You won’t see locals living in retirement homes as most of the elderly people are taken care of by the younger members in the family after they retire. There is a strong sense of obligation to take care of not just parents and grandparents, but also uncles, aunts, in-laws and other extended family members. Many of them would quit their jobs and move to another province or city to care for the elders without thinking twice.
People between the ages of 21 and 25 also need to get their parents’ advice in order to get married. If the parents aren’t in favor, the marriage license is only issued after 3 months of publishing the application. While this doesn’t bar anyone from getting married, it gives them time to either change their mind or get their parents’ approval.
The Philippines is predominantly a Catholic country and religion is a very important aspect of their culture. The locals usually make it a point to attend Mass every week.
However, some of the traditional Catholic customs have been integrated with Filipino beliefs. One tradition that is quite shocking to foreigners is “Penitensya”, also known as “act of penance”. During this spectacle some of the penitents get their backs whipped to reenact Jesus’ suffering. Some even choose to be crucified.
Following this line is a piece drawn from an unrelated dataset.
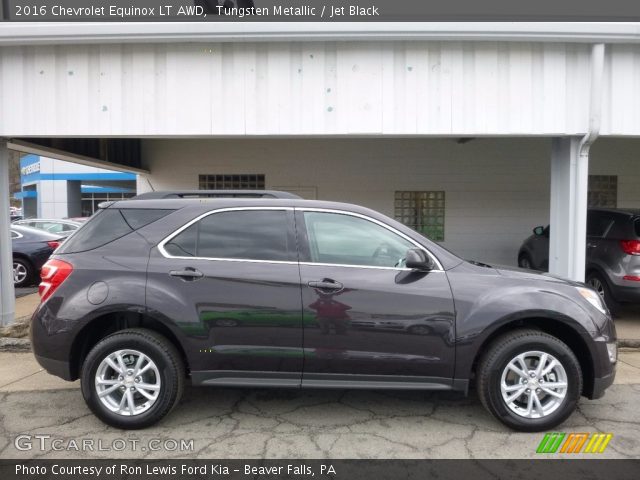 2016 Chevrolet Equinox LT AWD in Tungsten Metallic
The Holy Week is a very important part of the local culture. It has also become a tourist attraction, which is officially endorsed by the government. While outsiders are sometimes appalled by the actions of the locals, they should keep in mind that the ritual is completely voluntary. Some of the more religious foreigners even join the festivities.
Christmas in September
Another Catholic custom that the locals observe religiously is the Yuletide season. Again, they have added some of their own cultural traditions to it.
One of the local Christmas traditions celebrated in the Philippines includes Simbang Gabi or Night Mass, where the Catholics attend 9 consecutive services leading up to Christmas Eve. According to folklore, doing this ensures that a person’s wish is granted.
The Filipinos probably have the longest Christmas celebration in the world as the festivities begin in September and go on up until the first Sunday of January. By the first week of September, you’ll see most public establishments and houses decorated. Many foreigners wonder if Christmas has arrived early as they hear carols in malls and hotels.
Pagmamano or Mano Po can be described as a common gesture in the Filipino culture, which is performed to show respect to the elders. It is also a way to seek blessings from others. Literally translated, this term means “your hand please”.
From an early age, children are taught to offer their right hand to their elders and say “Mano Po”, which initiates this gesture. They then place the elder person’s hand to their forehead
Hiya or the concept of Shame is a huge factor that motivates much of the Filipino behavior. It can be described as a sense of propriety in a social environment.
Simply put, the Filipinos believe that they have to live up to acceptable standards of behavior and if they fail, they bring shame upon themselves as well as their family. For example, people may spend a lot more than they can afford on a wedding, only to save face.
The locals are also careful of making sure that others don’t lose face in public. They may therefore agree with you even if they don’t really want to. In fact, saying no is very difficult for most Filipinos.